Framton Nuttel endeavoured to say the correct something which should duly flatter the niece of the moment without unduly discounting the aunt that was to come. Privately he doubted more than ever whether these formal visits on a succession of total strangers would do much towards helping the nerve cure which he was supposed to be undergoing.

Vera has just enough time to tell Framton her utterly false ghost story before her aunt arrives. Then he gives Mrs. Sappleton some further details about his health.

"The doctors agree in ordering me complete rest, an absence of mental excitement, and avoidance of anything in the nature of violent physical exercise," announced Framton, who laboured under the tolerably widespread delusion that total strangers and chance acquaintances are hungry for the least detail of one's ailments and infirmities, their cause and cure. "On the matter of diet they are not so much in agreement," he continued.
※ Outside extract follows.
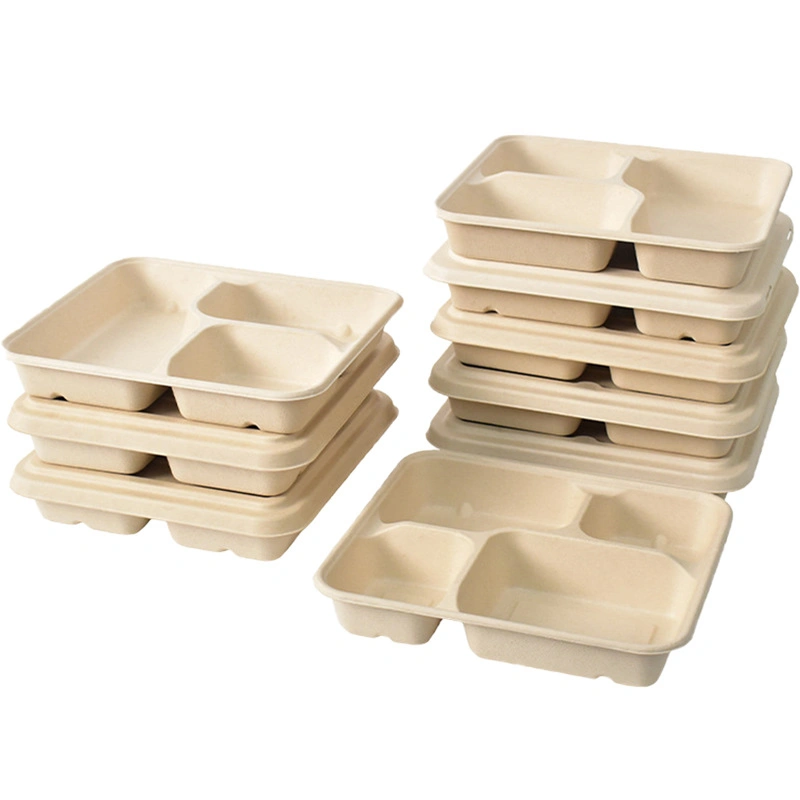 Disposable Tableware Wheat Straw Lunch Box Three/Four Squares Food Packaging Box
Framton's sister knew some people in the area, but not really very well. She had insisted on giving her brother letters of introduction to these people, probably under the assumption that such isolated country dwellers would welcome visitors from the big city of London. The sister had been staying with the local vicar, which made it impossible for anyone who received her letter of introduction to fail at least to invite Framton to tea. That is evidently Mrs. Sappleton's intention. It is nearly tea time, and she is awaiting the return pf her husband and her two brothers from their customary bird-hunting, which seems to be all they ever do and all they ever talk about..
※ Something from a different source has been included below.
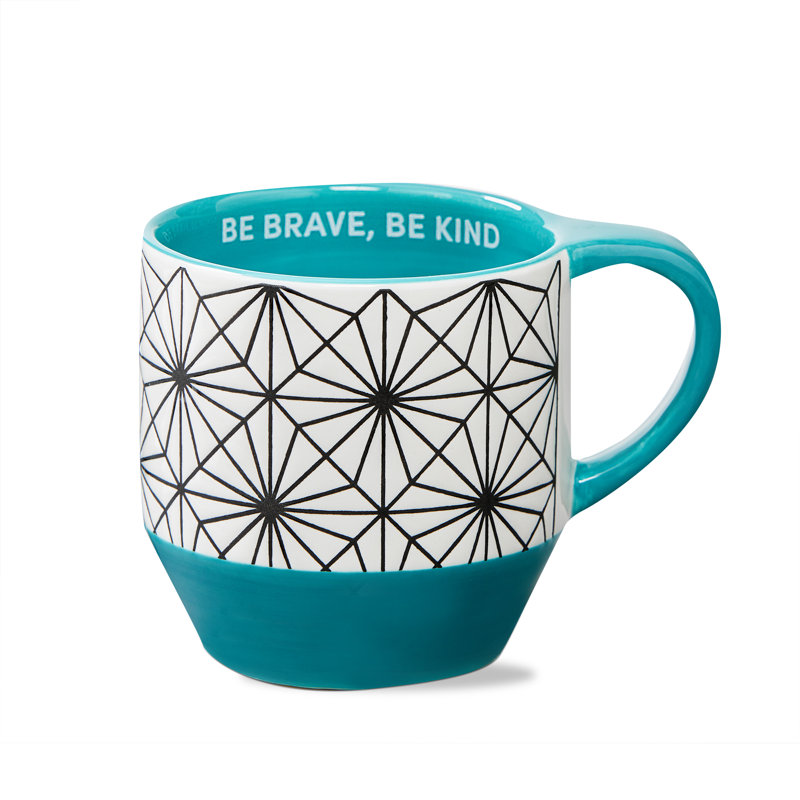 Be Brave Kind Mug Blue Ceramic Everyday 16 Oz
The author establishes that Framton is seeking "complete rest, an absence of mental excitement, and avoidance of anything in the nature of violent physical exercise" because the poor man is going to experience just the opposite when he sees the men who have supposedly been dead for three years approaching the open window, all of them carrying guns. The story is told in such a way that the reader does not realize why Framton panics and goes running out of the house and down the country road until Mrs. Sappleton's husband enters and shows that he is not a ghost when he asks:

"Who was that who bolted out as we came up?"